27 Eylül 2020 tarihinde başlatılan Karabağ’ı kurtarma operasyonu, 10 Kasımda yapılan anlaşma ile sonuçlandı. Bu anlaşmaya göre, o tarihe kadar geri alınan topraklar Azerbaycan’a bırakılacak, daha operasyon yapılmayan Kelbecer 15 Kasım, Ağdam 20 Kasım, Laçin ise 1 Aralığa kadar boşaltılacaktı. Ancak buna rağmen, işgal edilirken bizim halkımıza yarım saat verilip hemen ardından katliam yapılan Kelbecer şehrinin boşaltmaya 5 gün yetmemiş olacak ki, Rusya arabuluculuğuyla 5 gün daha istediler. Azerbaycan da insanlık namına buna izin verdi. Ermeniler ne mi yaptı? O 5 gün süresinde, bizim insanlarımız giderken kapıların kırılmasını gönlü razı olmayıp kapılarını açık bıraktıkları evlere yerleşen Ermeniler, oradan çıkarken yaşadıkları yerleri ateşe verdiler. Yetmedi, ormanların ağaçlarını kesip Ermenistan’a taşıdılar. Bu yetmemiş olacak ki, giderken o bölgeleri mayınlayıp öyle çıktılar.

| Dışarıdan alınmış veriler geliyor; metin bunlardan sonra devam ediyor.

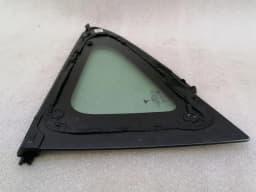TESLA Tesla Model 3 Right Rear Quarter Glass 1514979-01-C Door Panel 1/4 Rear Right — thumbnail 6
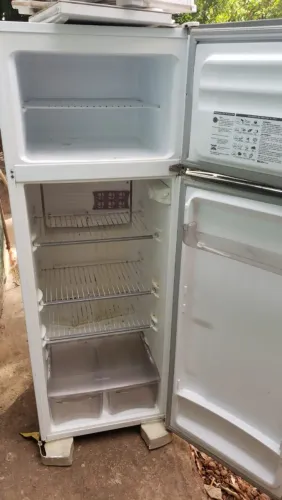 Vendo geladeira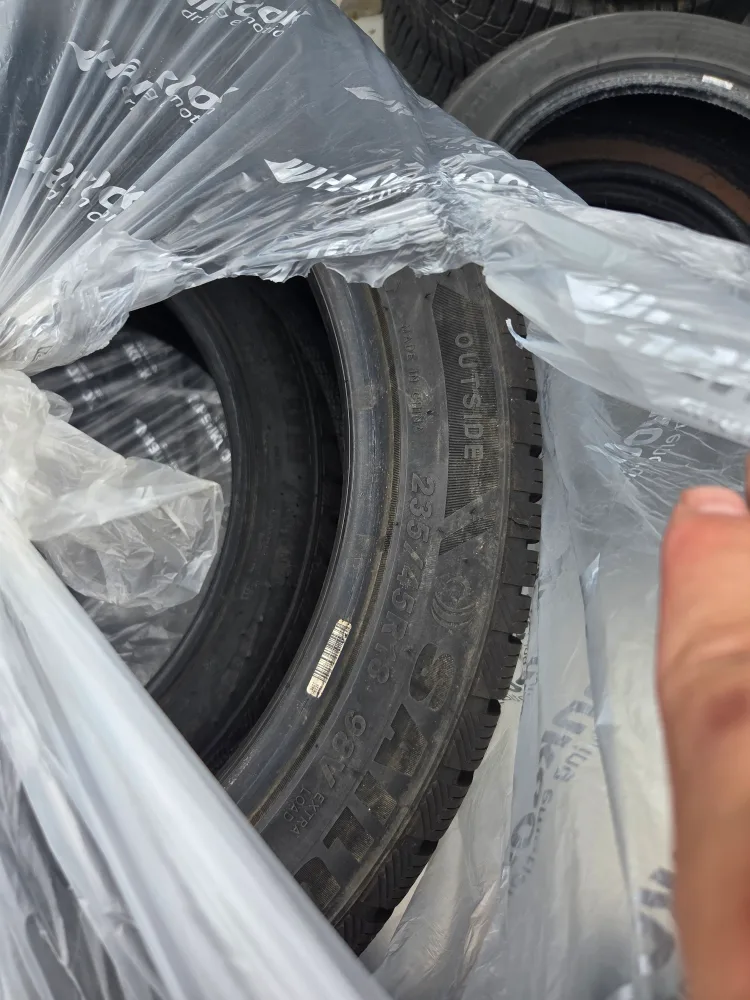 235/45R18 중고 윈터 타이어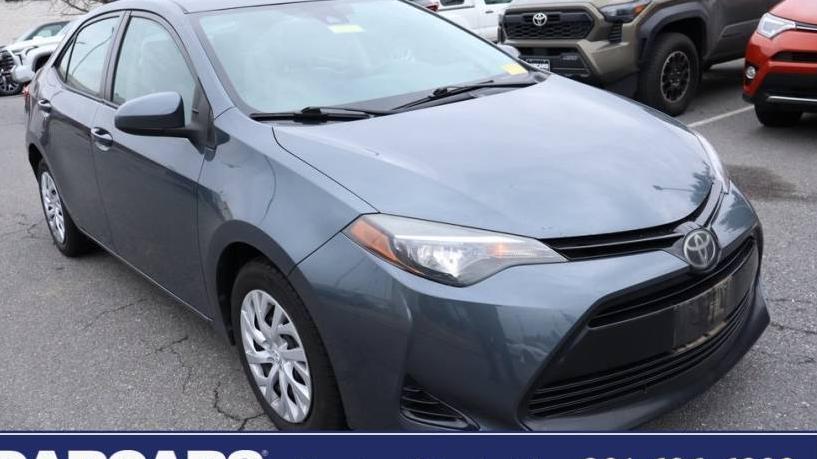 TOYOTA COROLLA 2018 2T1BURHE6JC013831 image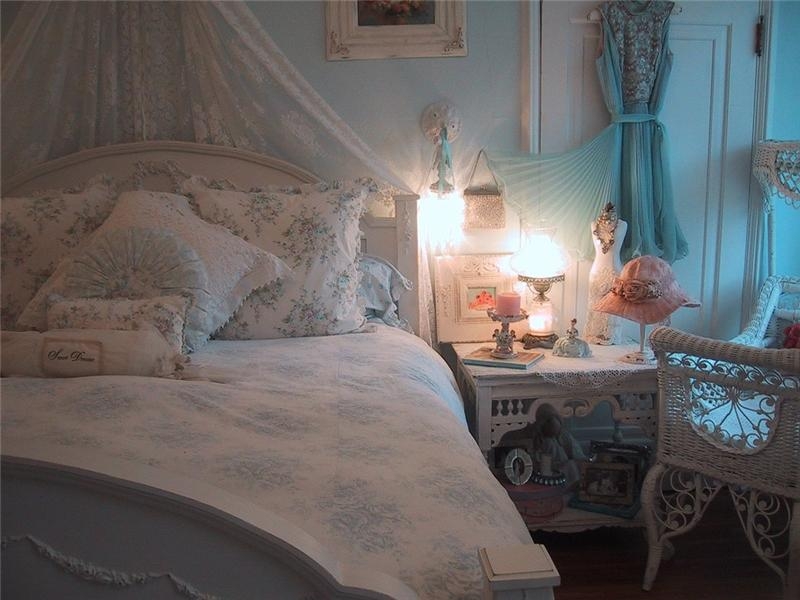 décoration-vintage-chambre-meubles-bois-blanc-assortis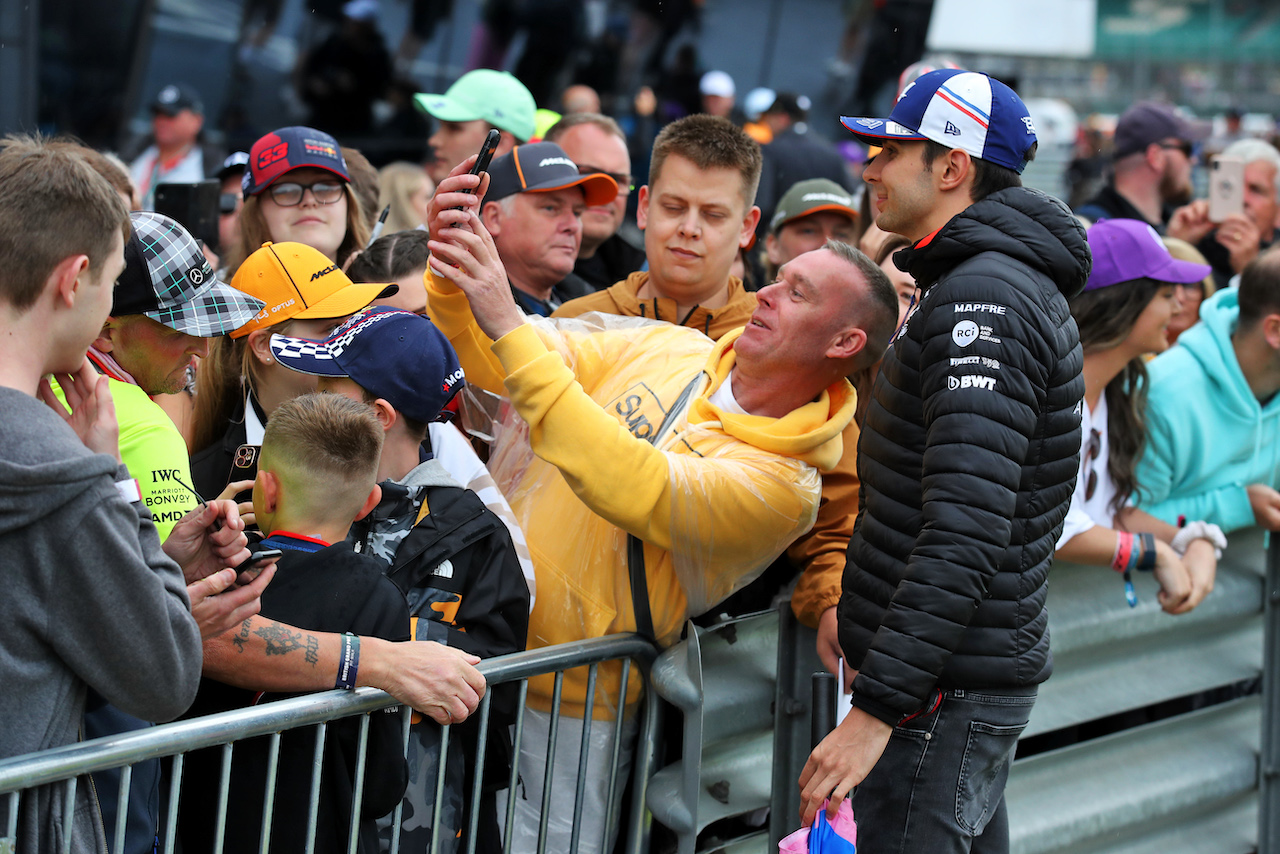 GP GRAN BRETAGNA, Esteban Ocon (FRA) Alpine F1 Team with fans.
30.06.2022. Formula 1 World Championship, Rd 10, British Grand Prix, Silverstone, England, Preparation Day.
 - www.xpbimages.com, EMail: requests@xpbimages.com © Copyright: Coates / XPB Images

Gelelim günümüze. Geçen yazıda da ifade ettiğim gibi, Ermenistan’ı, Karabağ ile bağlayan yol Şuşa ve Laçin şehrinin ortasından geçtiği için Laçin şehir merkezi ve koridorun geçtiği yerleşim birimleri daha Azerbaycan’ın kontrolüne geçmedi. 10 Kasım anlaşmasına göre, 3 yıl içersinde tamamlanacak, Şuşa ve Laçin şehirlerinden yan geçen yeni yolun inşasına kadar, koridorun kontrolü Rus Barış gücünün yükümlülüğünde olacak. Alternatif yol tamamlandıktan sonra ise Laçin şehir merkezi ve eski koridorun geçtiği yerleşim birimleri Azerbaycan’a iade edilecek. Fakat, Ermenistan bu yükümlülüğe uymayarak bölgeyi boşaltmak istemedi. Azerbaycan’ın Ağustos başı bir askerinin şehit edilmesinden sonra başlattığı “Kısas” operasyonu sonucu Ermeniler anlaşma şartını uygulamaya razı oldular. Burada da Ermenistan devletinin o kadar uyarısına ve para teklifine rağmen Ermeniler, bölgeden çıkarken evlerini ve ormanları ateşe vererek oradan ayrıldılar.
Tüm bunların bize anlattığı tek şey, dünya değişip, asırlar geçse de Ermenilerin Vandallığı ve hasta zihniyeti değişmeyecek.